TASK DIRECTIONS — From the entries below, reproduce exactly the line containing "Sandales cuir 23", the line containing "El precio del", and every line in between, with nothing added.

EXTRACTED INFORMATION —
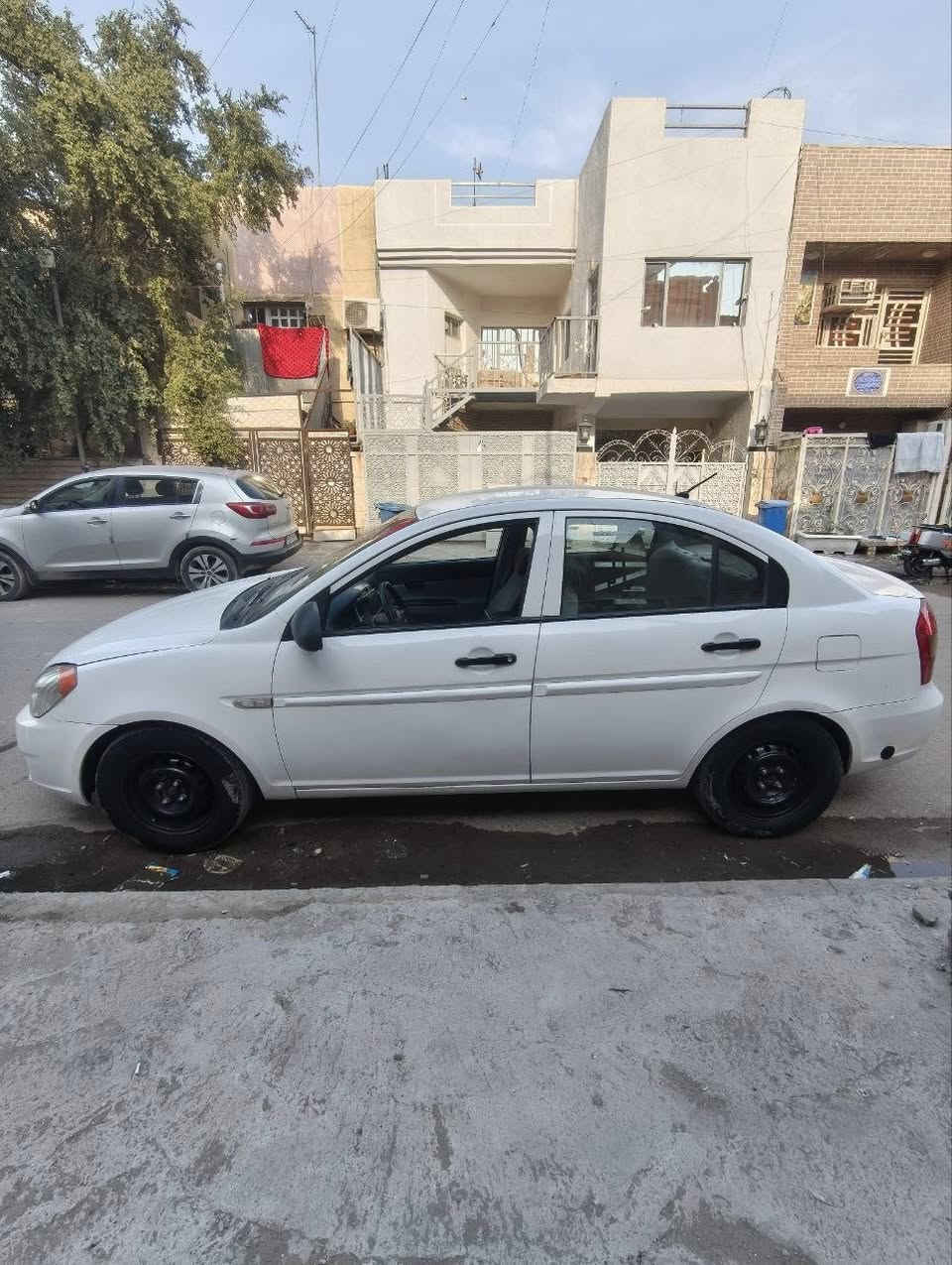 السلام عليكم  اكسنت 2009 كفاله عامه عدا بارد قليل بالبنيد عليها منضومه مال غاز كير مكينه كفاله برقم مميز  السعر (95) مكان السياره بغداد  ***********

* * *

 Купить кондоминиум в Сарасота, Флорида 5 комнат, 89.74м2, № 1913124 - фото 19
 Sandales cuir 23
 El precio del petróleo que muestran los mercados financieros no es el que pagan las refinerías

FINISHED EXERCISE —
 Sandales cuir 23
 El precio del petróleo que muestran los mercados financieros no es el que pagan las refinerías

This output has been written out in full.